We quickly were outside of Urbino on an old road with hairpin turns and cliffs off to our sides. We changed roads a lot, so much that none of us could remember how to find our way back just in case this man turned out to be a killer or something. We should have brought bread crumbs.
Roberta was talking up a storm with this man about politics and Obama. We eventually make it to this man’s laboratory and met some other people. Nancy did her interview, while Roberta and I were just chatting away about different things. When the interview was complete, our drive/kidnapper said, “Now to lunch.” Nancy and I looked at each other and we both knew that neither off us brought any money.
So we drive-off, yet again, to another unknown destination. We ended up in this small, ancient city with cobble stone roads and a gorgeous lake with trees and old houses along the shore. We parked near the most spectacular view I have seen on the trip. The other people met us and we walked to a restaurant close by. This place had a table reserved for us with nice dishes, silverware, and a golden yellow tablecloth. They gave us some choices of different foods and we said “sure” to most. The servings came out in big dishes and each person ate as much he or she wanted. We had ravioli made with eggs, ravioli with meat sauce, some kind of long pasta with meat sauce, gnocchi, and a dessert that was like a custard in a fried dough bowl. They also brought out three different liquors: one cherry flavored, one lemon flavored, and then straight grappa.

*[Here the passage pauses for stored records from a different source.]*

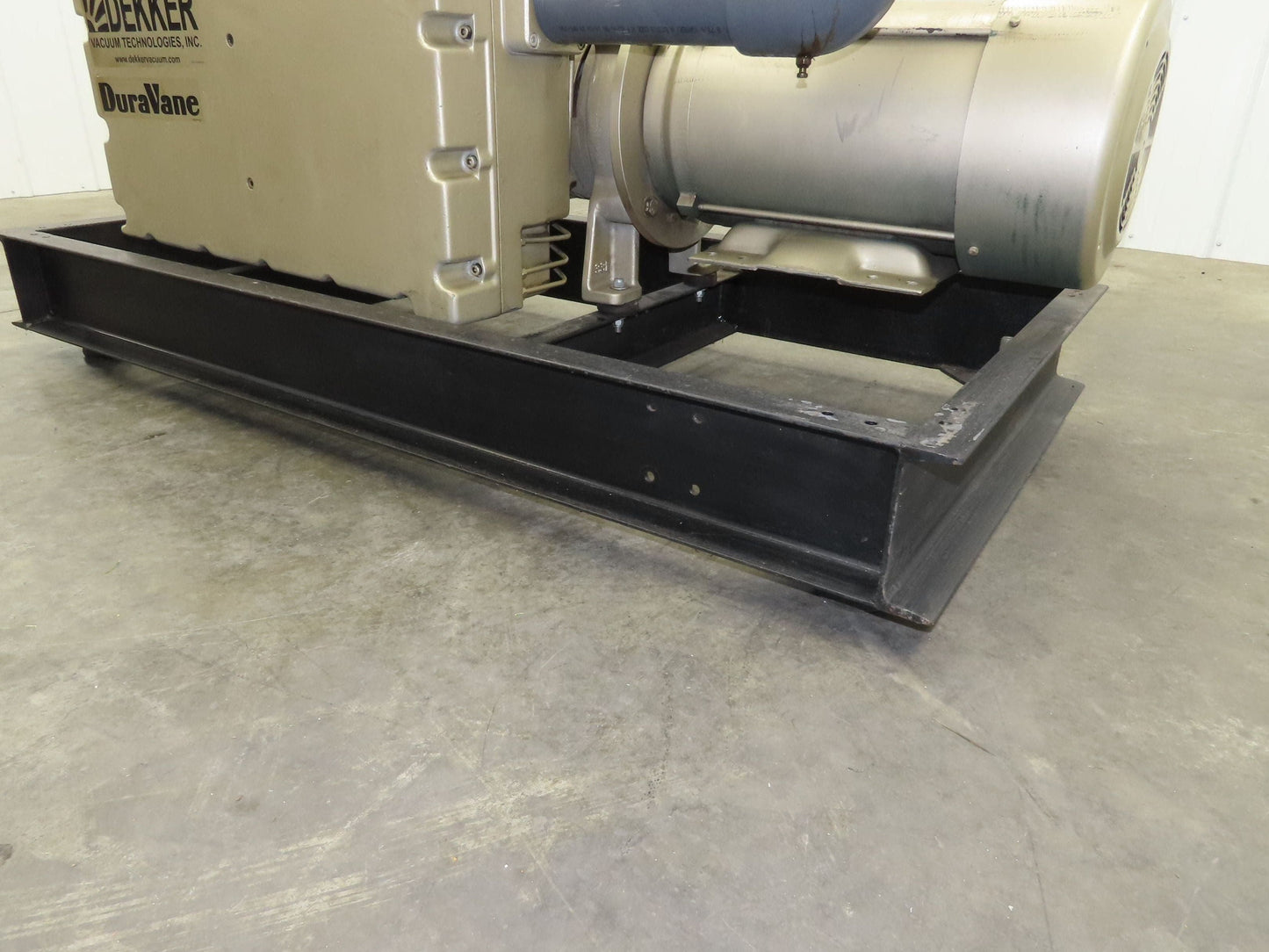 Dekker RVL300-HH DuraVane Lubricated Rotary Vane Vacuum Pump 15Hp 300ACFM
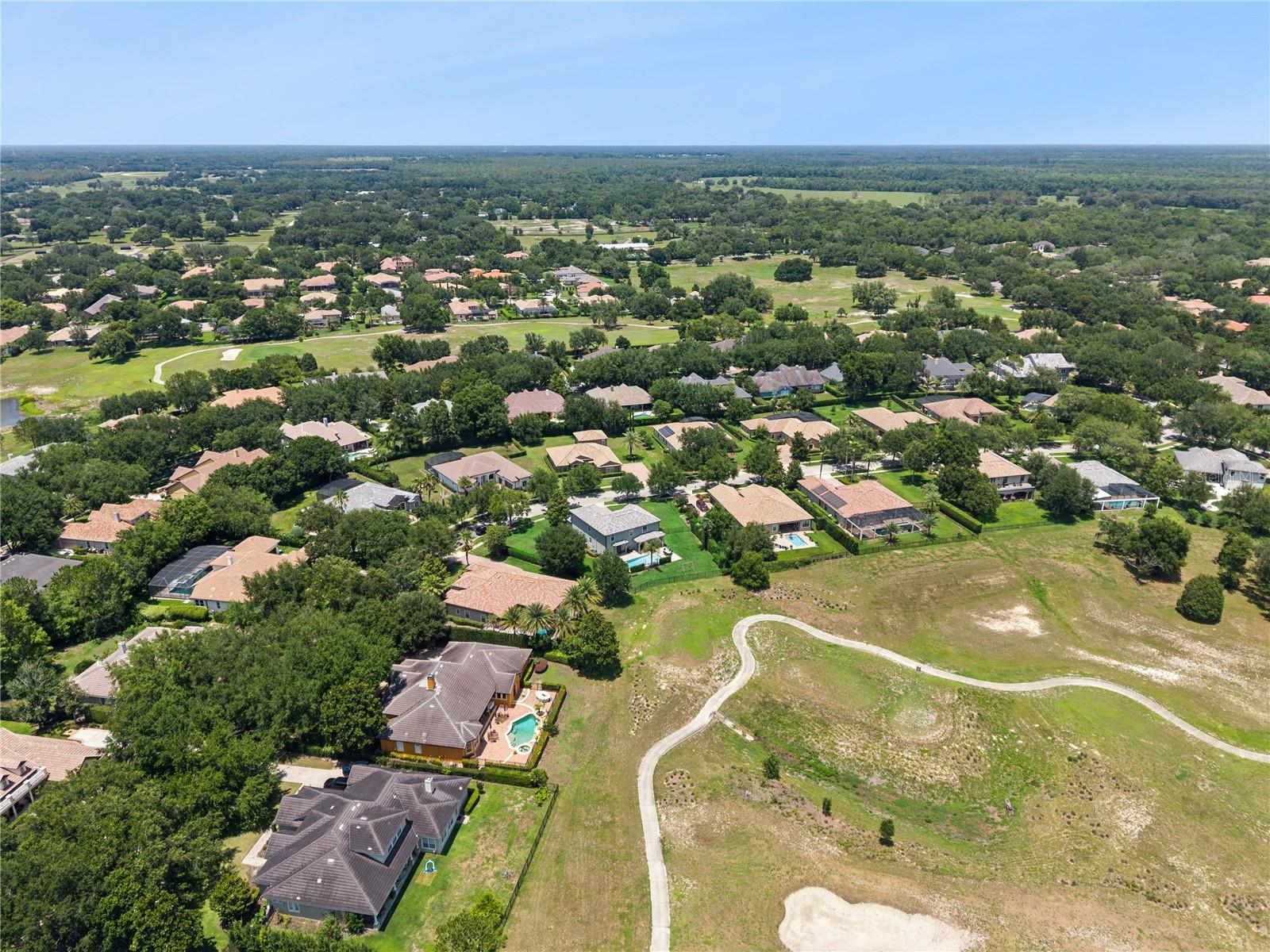 HEATHROW COUNTRY ESTATE HOMES - Residential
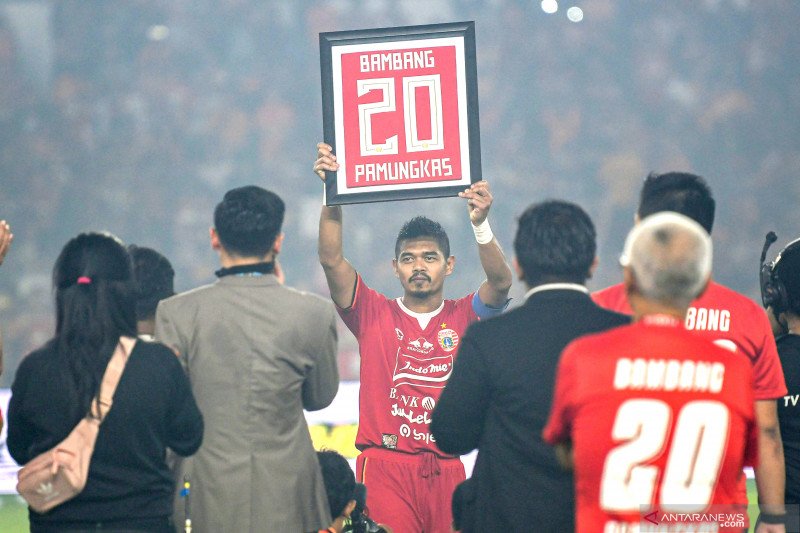 Bambang Pamungkas pensiun sebagai pesepakbola profesional (Antara News)
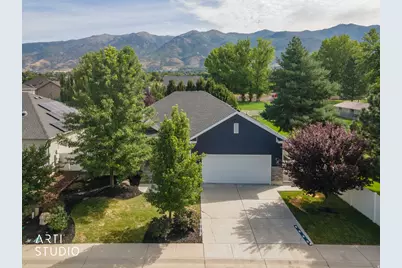 740 N Champion Ln, Kaysville, UT 84037 - Photo 39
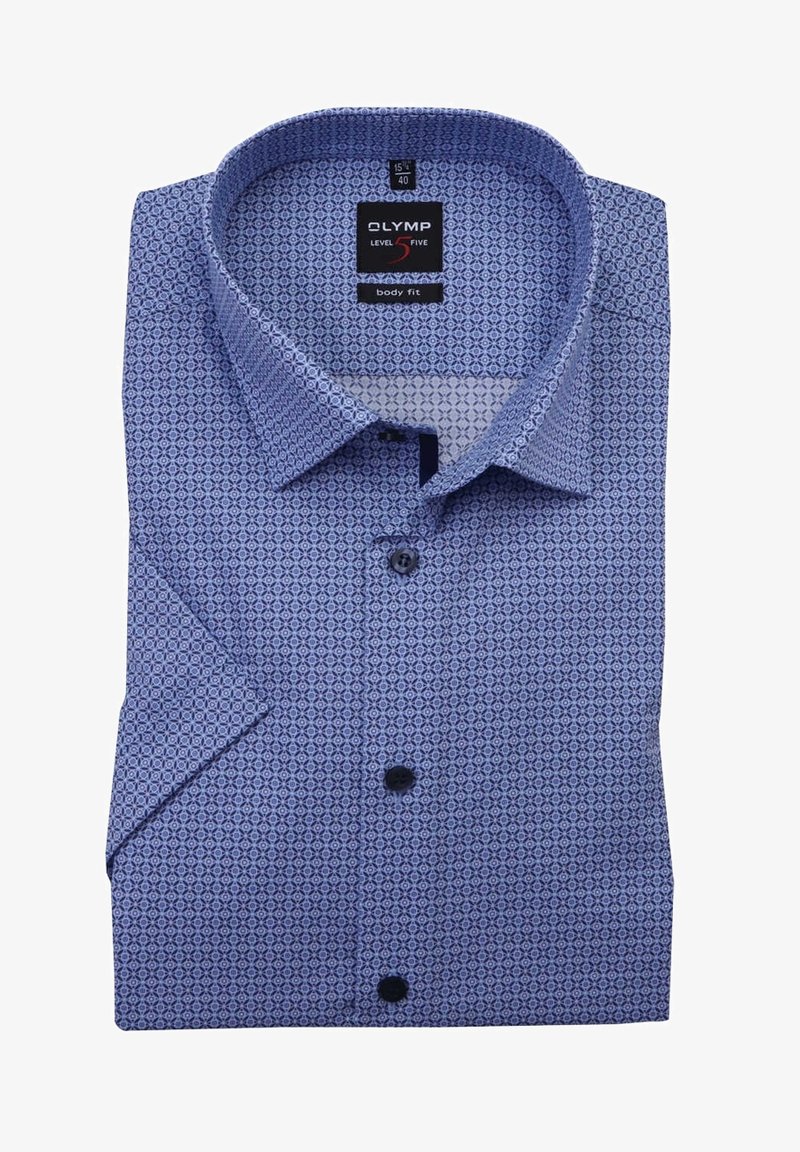 Chemise bleue à manches courtes à motifs, boutonnée, pliée avec col pointu et étiquette de marque visible indiquant Olymp Level Five body fit.
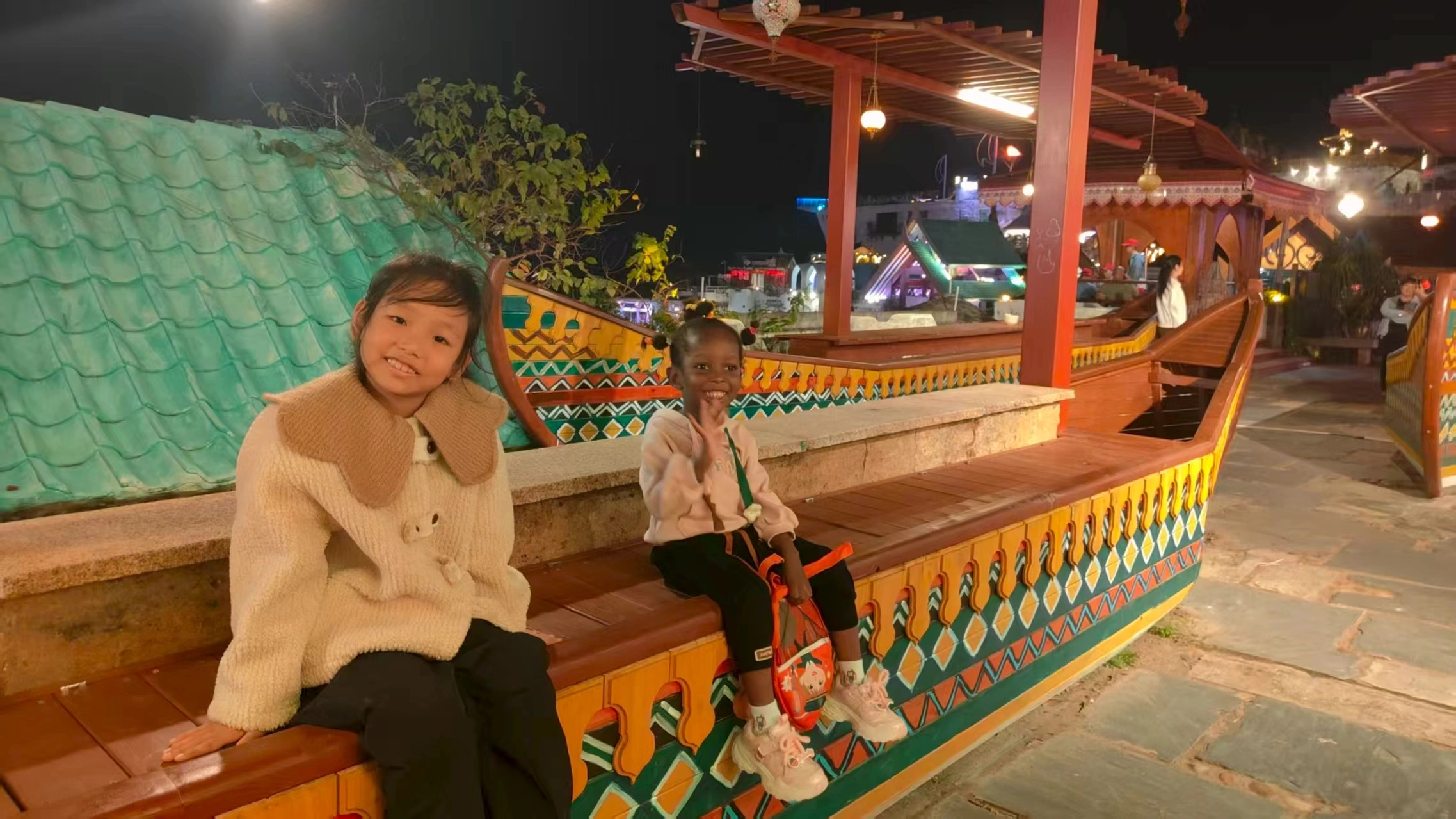 Beihai bridge evening stroll during student life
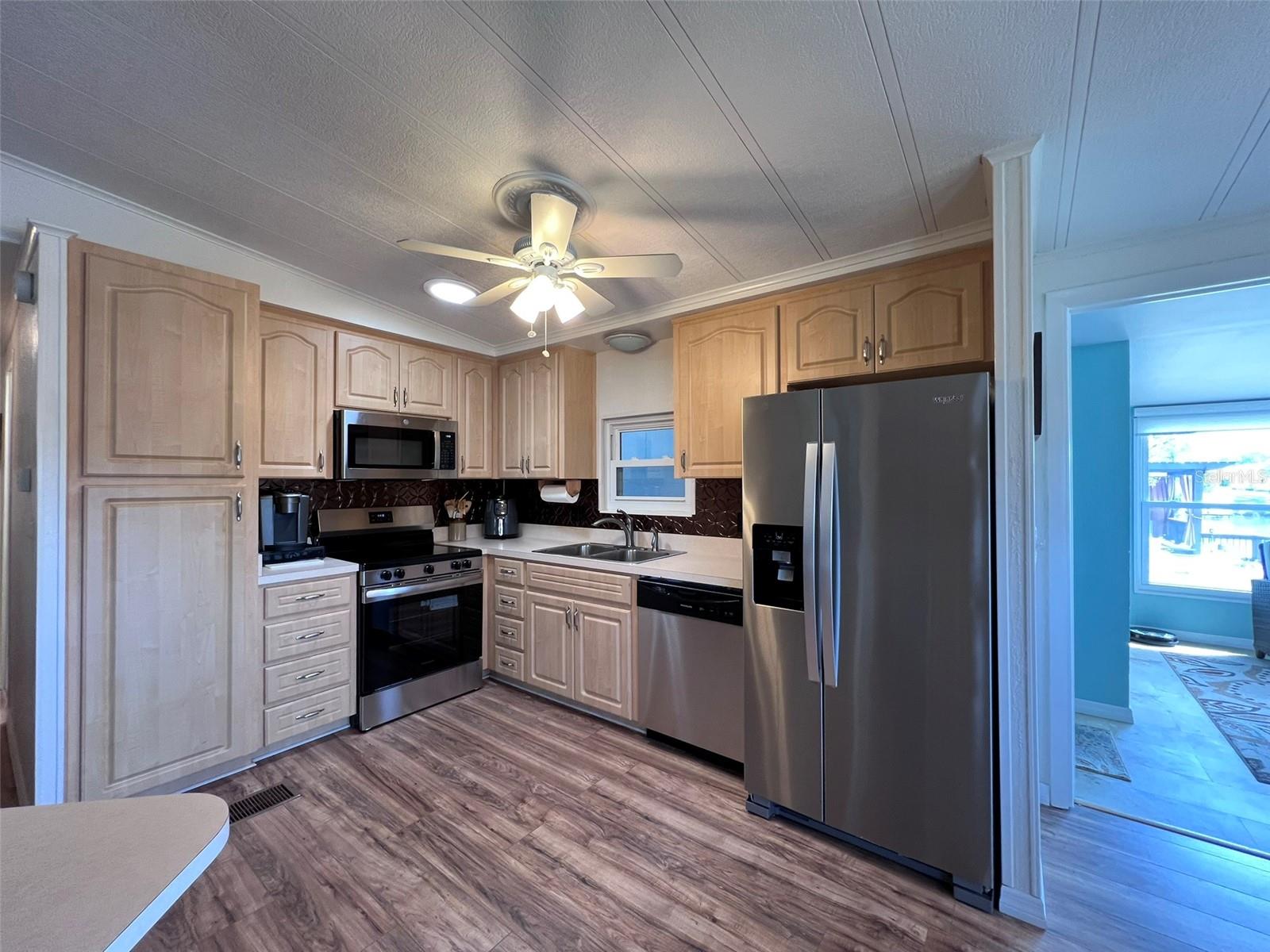 Image 28 of 59 For 2055 Floral Avenue 169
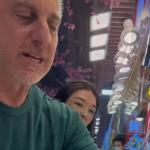Luciano Huck relata viagem à China e comenta metrô: 'nunca vi tanta gente'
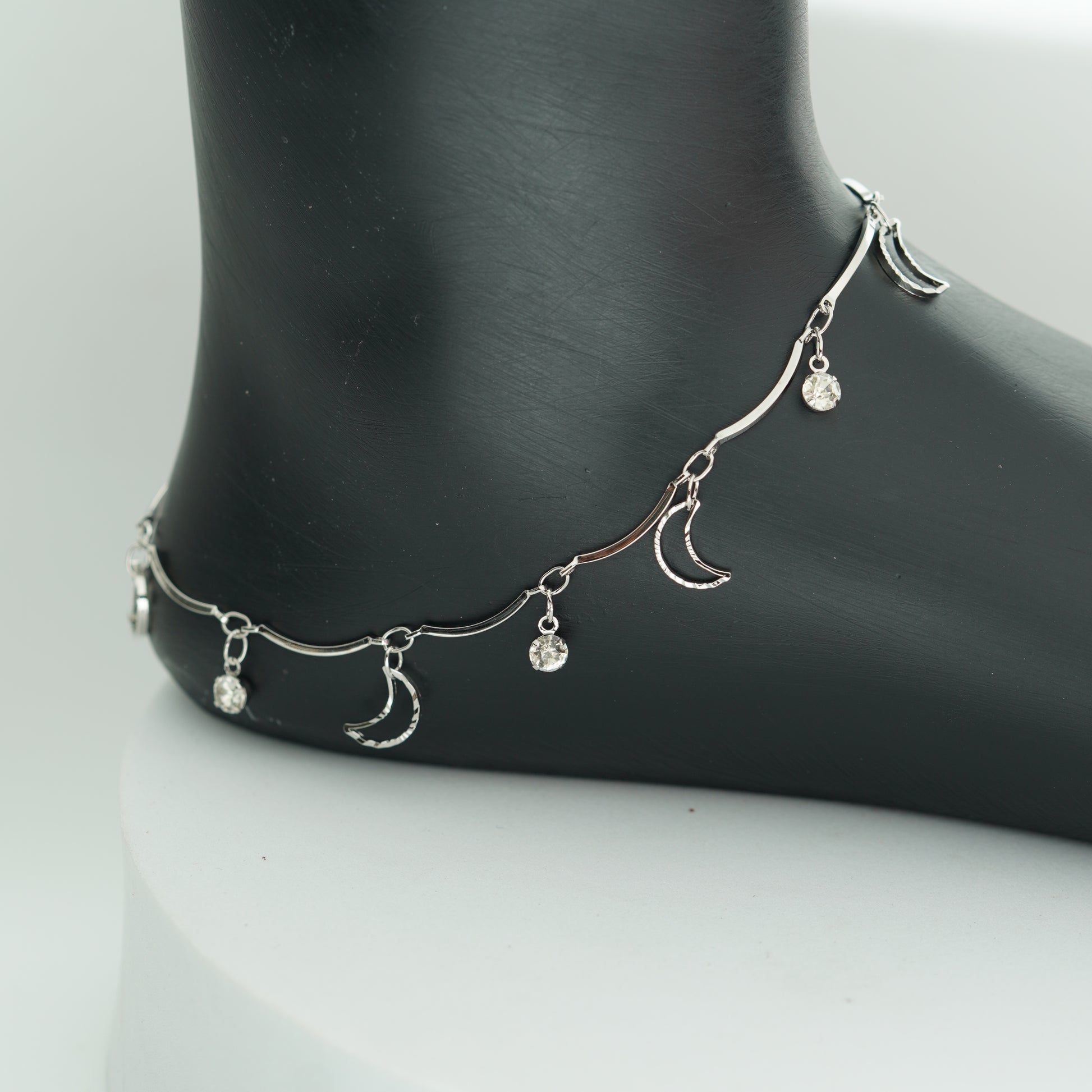 (6D) MOON CARVED ANKLET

When we had finished this huge meal, Nancy and I were thinking “do we have to pay?” Well we didn’t. Our kidnapper paid for everyone’s meal. It had to have been over 100 euros easily. So then we hopped back in the car and quickly discovered that this very generous man was a little tipsy. He took us on back roads the whole way. Now in Tennessee, we have some very curvy and twisty roads but the ones here are 10 times worse. I really like roads that give you a “roller coaster” feeling. Nancy was holding on for dear life most of the way back.
About a quarter of the way back, I noticed a little green grasshopper in the car. I picked it up but it jumped out of my fingers and left one of its’ twitching legs behind. I looked over at Nancy and she looks like she is about ready to scream out loud but she was trying so hard to hold it in. I tried to find what was scaring her and discovered that the grasshopper had made a new friend. I moved it somewhere and it disappeared.
We made it back to the chapel on campus and thanked our kidnapper so much for everything. I think this was the best interview/kidnapping I have ever experienced.




Sometimes the coming and going is what it is all about. I think too the surprises in life come few and far between. This post captures well the joy in just letting go and living the surprise.